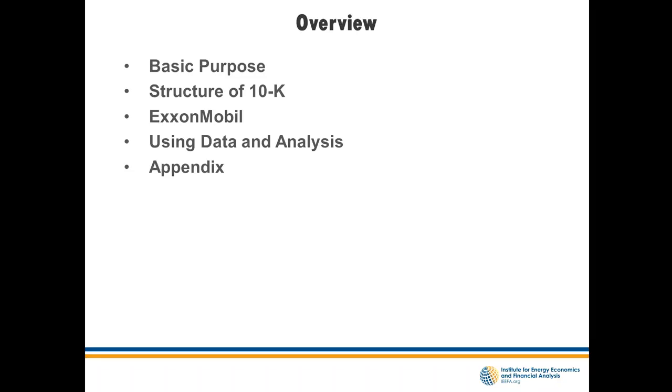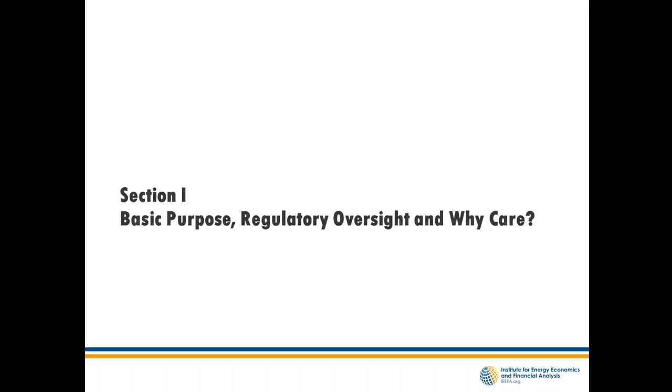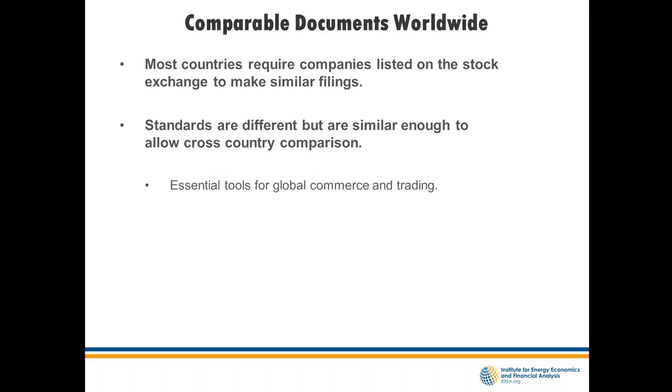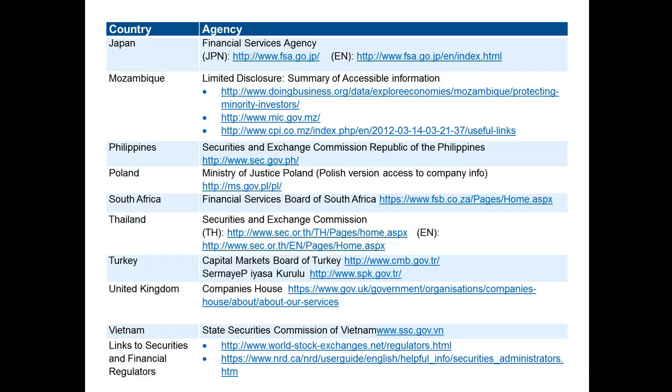The idea here is that you could begin to develop the ability to build a competent analysis for your organization. We'd always be willing to help. We've put down about 18 or 19 links for comparable documents worldwide — most countries that want to invite investment have something very similar to a 10K — so you can begin to see how to use those webpages and find the companies you're interested in.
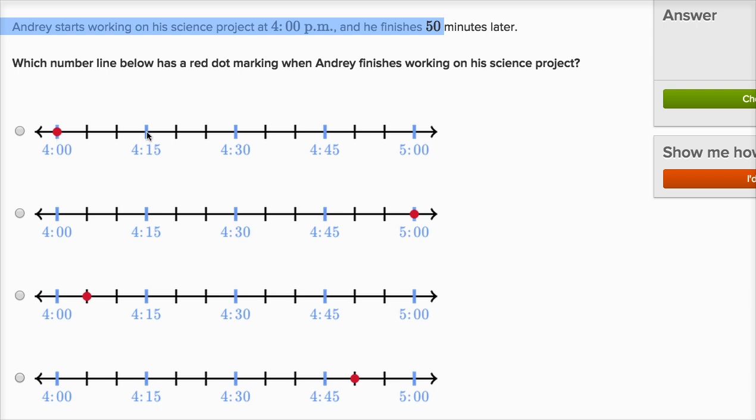So let's see — this is 4:15, so each of these marks must be 5 minutes. So we have 4:05, 4:10, 4:15, 4:20, 4:25, 4:30, 4:35, 4:40, 4:45, and then 4:50 would be right over here.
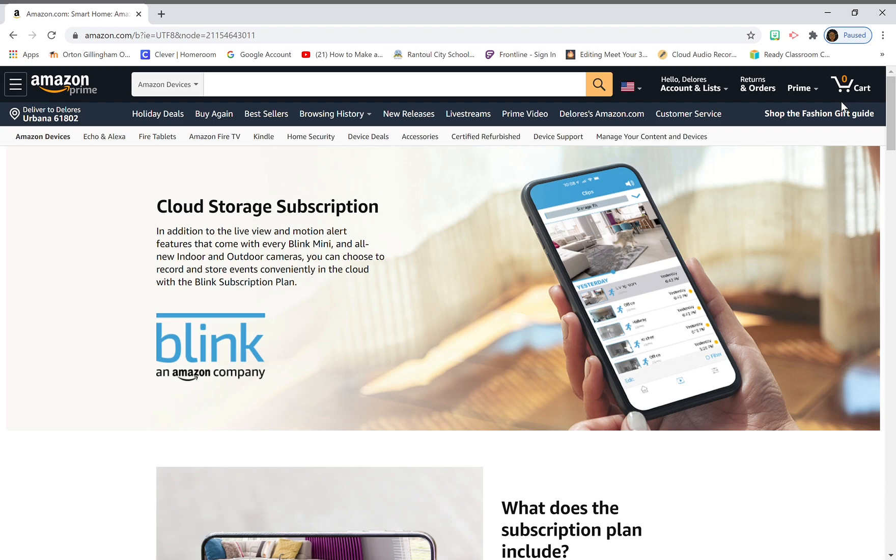Hey YouTube, it's mr. north 14, and today I'm going to fully explain Amazon's cloud storage subscription policy with the Blink cameras. There's been a lot of questions out there — Amazon is basically telling people one thing, Blink is basically telling people another, and people trying to find information are getting conflicting answers. The Amazon people are telling you to contact Blink and no one can get a hold of the Blink people, so hopefully I can get this squared away for you.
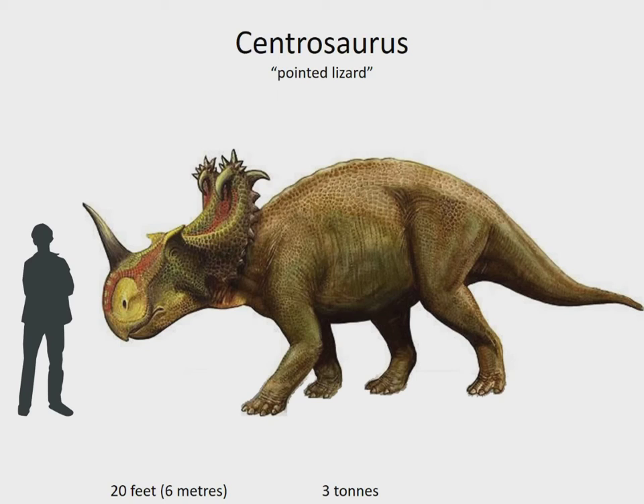Centrosaurus is a horned dinosaur known for the pair of horns curling inwards at the top of its neck frill, and another much longer horn on its nose. Centrosaurus bone beds in southern Alberta indicate that these animals lived in huge herds and probably migrated with the seasons. It lived in Canada 76 to 75 million years ago.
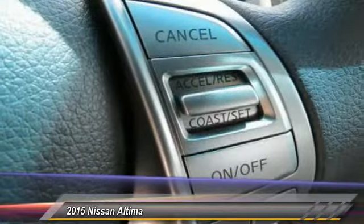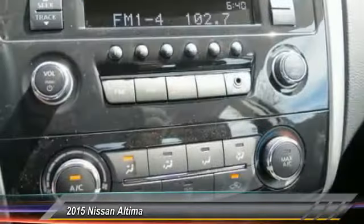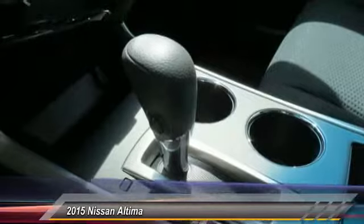Cruise control, AM FM stereo radio, rear defrost, FWD child safety locks. A vehicle like this doesn't come along every day. Come in and get it before someone else does.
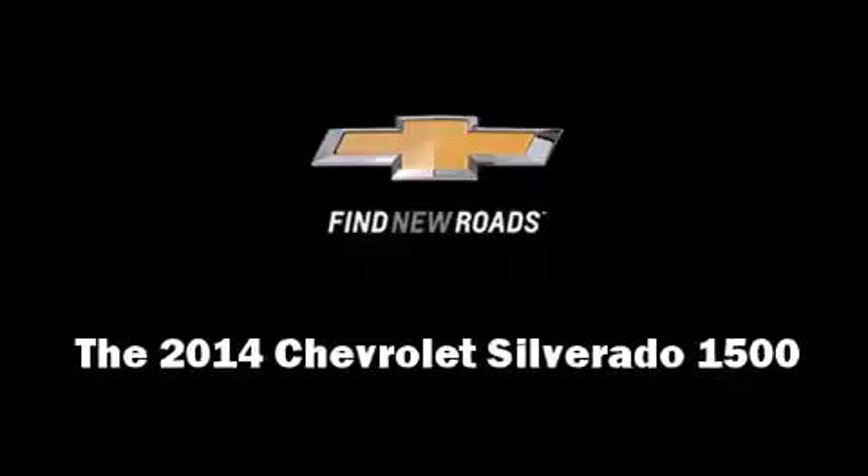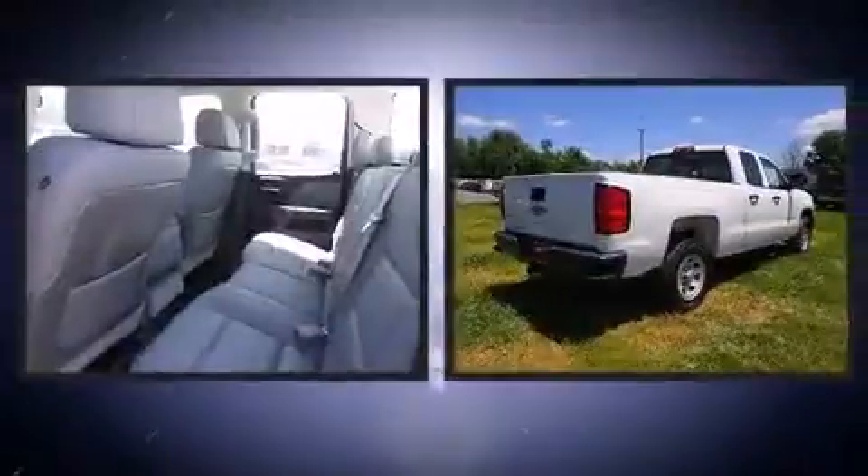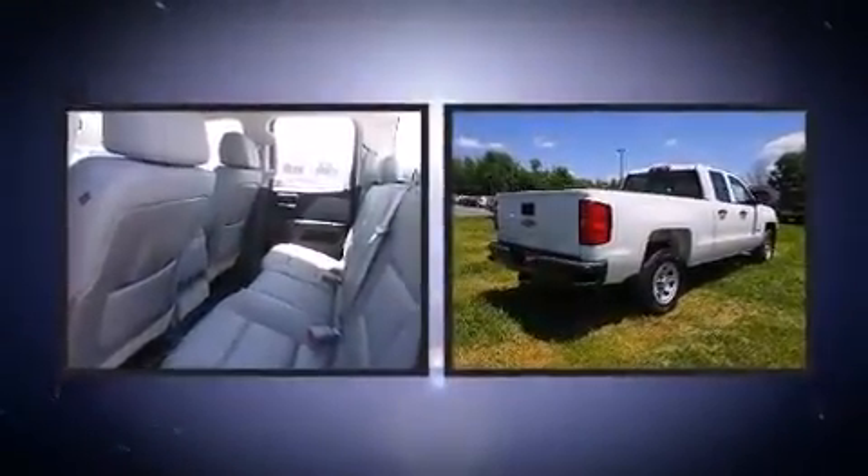Discerning drivers will appreciate the 2014 Chevrolet Silverado 1500. It features an automatic transmission, rear-wheel drive, and a refined six-cylinder engine.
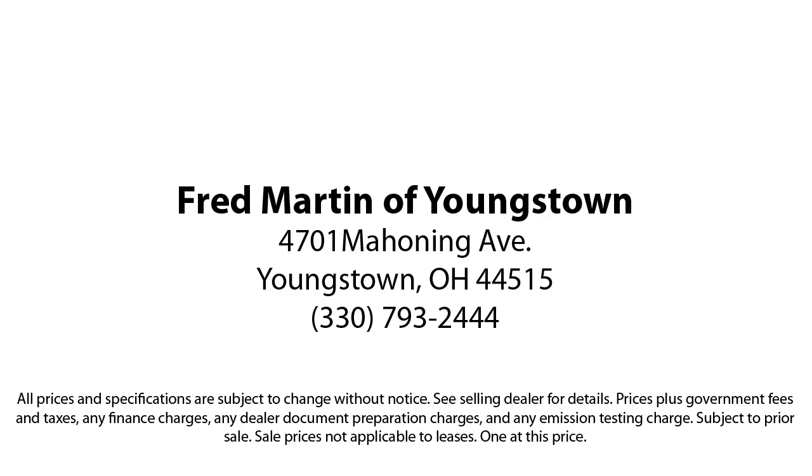We sell for less, a lot less. Fred Martin of Youngstown is located at 4701 Mahoning Avenue in Youngstown.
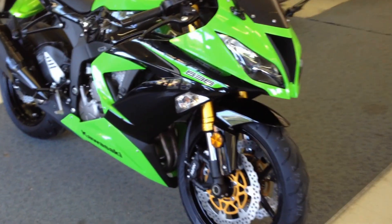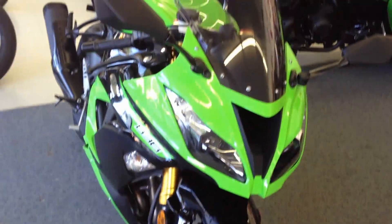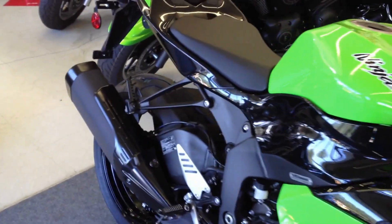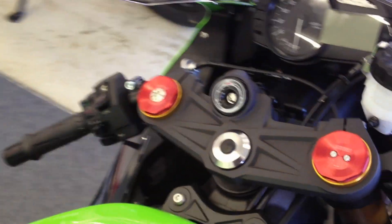This bad boy has adjustable Showa front fork, as well as selectable power modes and adjustable traction control. That's right — the first 600cc sport bike on the market with adjustable traction control.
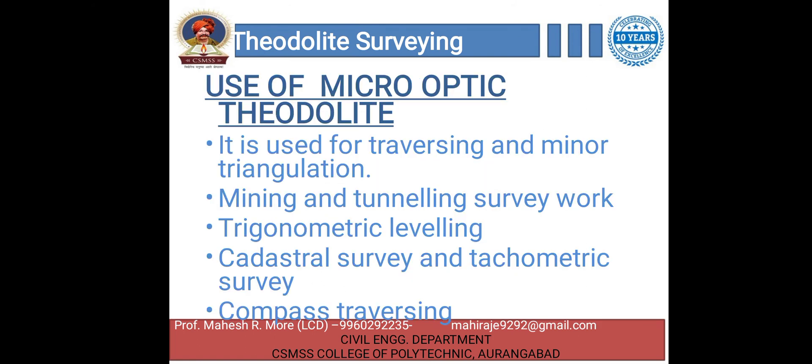The micro-optic theodolite is used for traversing and minor triangulation. It is used in mining and tunneling survey work, as well as in tachymetric leveling. It is used in cadastral survey and tachymetric survey. It is also used in field astronomy and compass traversing.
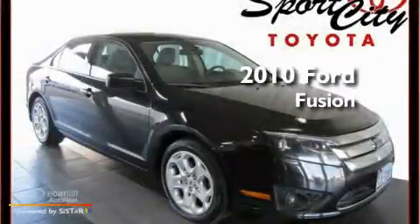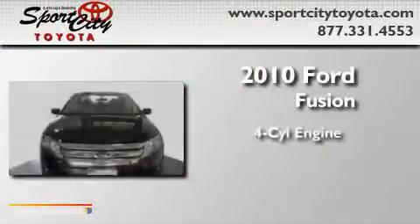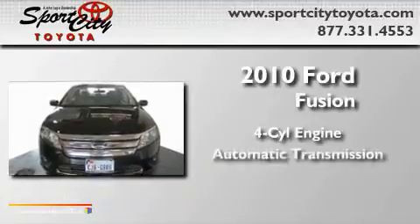This is a 2010 Ford Fusion. It features a four-cylinder engine and an automatic transmission.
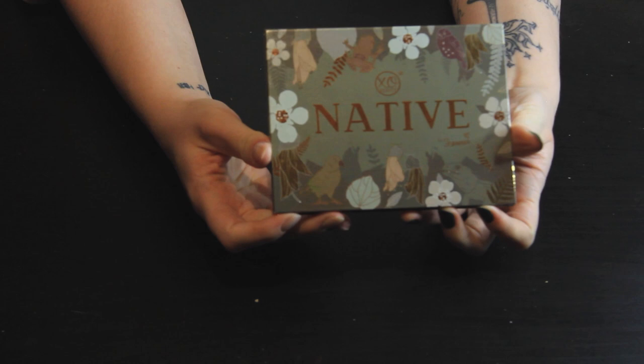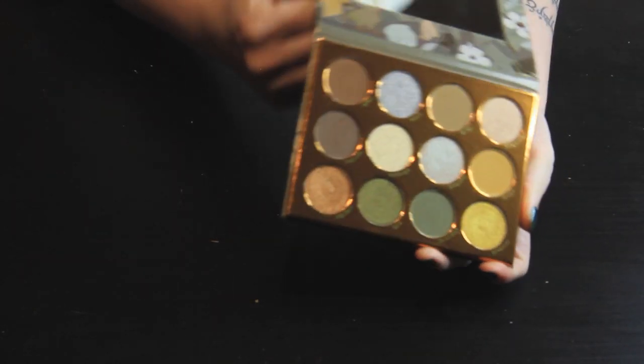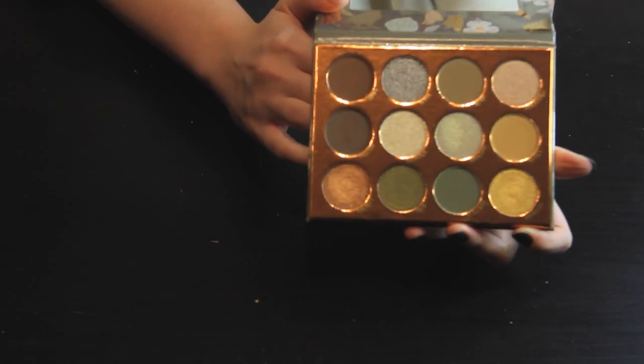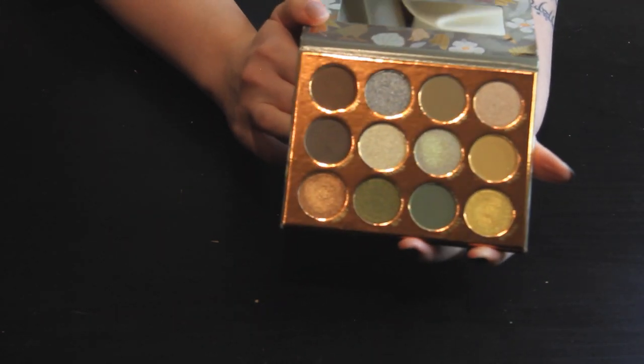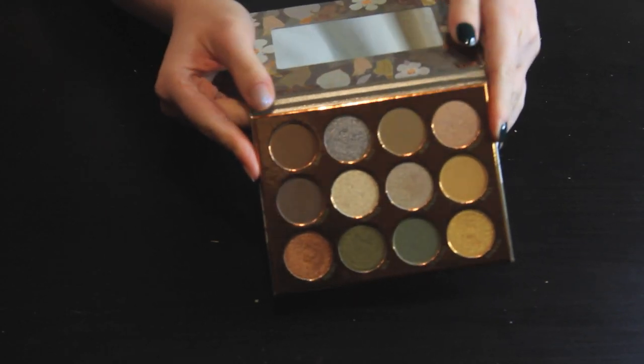Another one-off: this is from XO Beauty, the Native palette. I bought it because I'm obsessed with New Zealand, and the fact that it's New Zealand themed with shade names after different flora and fauna of New Zealand really pulled at my heartstrings. I love the quality of this palette and it's definitely one of my go-to neutral palettes, so yeah, this one is not going anywhere.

Exercise prompt: The expected output is the exact run of lines from the first line of the material above through the line that contains "So let's see", minus any pictures.

Finished task:
The idea here is that you could begin to develop the ability to build a competent analysis for your organization. We'd always be willing to help. We've put down about 18 or 19 links for comparable documents worldwide — most countries that want to invite investment have something very similar to a 10K — so you can begin to see how to use those webpages and find the companies you're interested in.
So let's see — this is 4:15, so each of these marks must be 5 minutes. So we have 4:05, 4:10, 4:15, 4:20, 4:25, 4:30, 4:35, 4:40, 4:45, and then 4:50 would be right over here.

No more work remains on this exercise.